Sunday, January 6, 2008

One Year

This morning my Love and I are going to a memorial service. My friend Amy passed away one year ago and was laid to rest this weekend in 2007.

The end of 2006 was personally a very difficult time, and the terminal illness of my friend finally living up to its "terminal" tag made the holidays almost unbearable.

I was in Las Vegas for the Consumer Electronics Show (CES) when things were finalized. My plans had been to leave Las Vegas Friday for Phoenix, as I was to run my first marathon there. Instead, I got the last seat on the first plane out to Chicago for the wake that Friday afternoon.
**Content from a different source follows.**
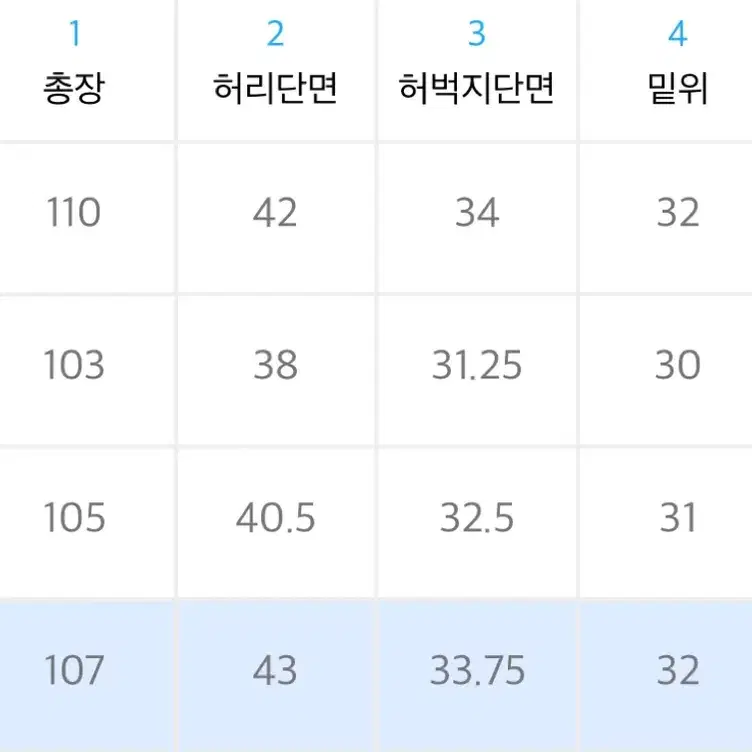 아워스코프 / 사이드 컷 데님 (미디엄 블루) / 2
Thursday evening, two other employees of my company had taken our customer out to dinner and the Celine Dion show. Four engineers fourth row center sipping strawberry daiquiris out of fancy plastic cups. Quite a sight.

The customer wanted to party all night & really let loose so we ended up at a club and then finally he and I sitting together at a $50 minimum blackjack table at the Wynn. This was the smallest bet table we could find during that evening at our hotel.
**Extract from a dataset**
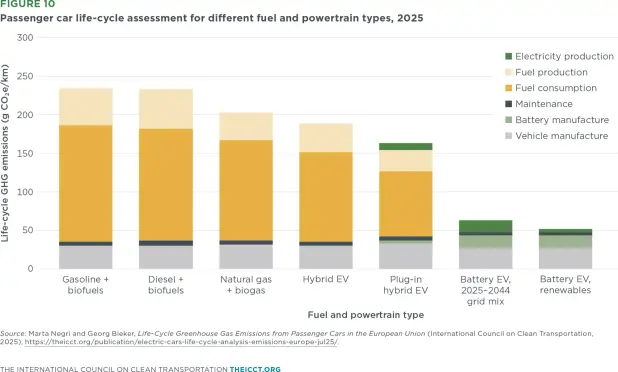 Passenger car life-cyle assessment for different fuel and powertrain types, 2025. Shows Battery EV at approx. 1/5th - 1/4th of all other types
I won't detail my travails during that evening, but suffice it to say my Italian colleague had to go to his room to bring me $600 cash to keep me afloat. My customer finally left at 3AM, a few hundred dollars up. I hit a lucky streak and even though it appeared to the newly assembled crowd that I was raking it in (like winning over $500 in one hand), I really had just started to climb my way out of the hole I had dug during the last few hours.

I left Las Vegas a few hundred down as I boarded the cab at 4:30AM. Waiting for my ride and travelling companions as I stood in the lobby of the Wynn, I watched a sea of drunken clubbing young men and women making their way back to their rooms, or perhaps like me to their flights. The women with carrying their shoes, the men carrying their women. The somewhat sexy yet seedy side of the strip at sunrise.

I next found myself at 5AM with an enormous crowd of people at the airport. I hadn't slept a wink and could barely stand the sweaty, slow moving crowd. I put my iPod on high volume and tried to drift away, but found no solace in my thoughts.

My Italian colleague was traveling with me, connecting to Europe from Chicago. He pointed out my 180 degree change in complexion, from daring and exciting the evening prior to dour and miserable this morning. I explained to him my situation.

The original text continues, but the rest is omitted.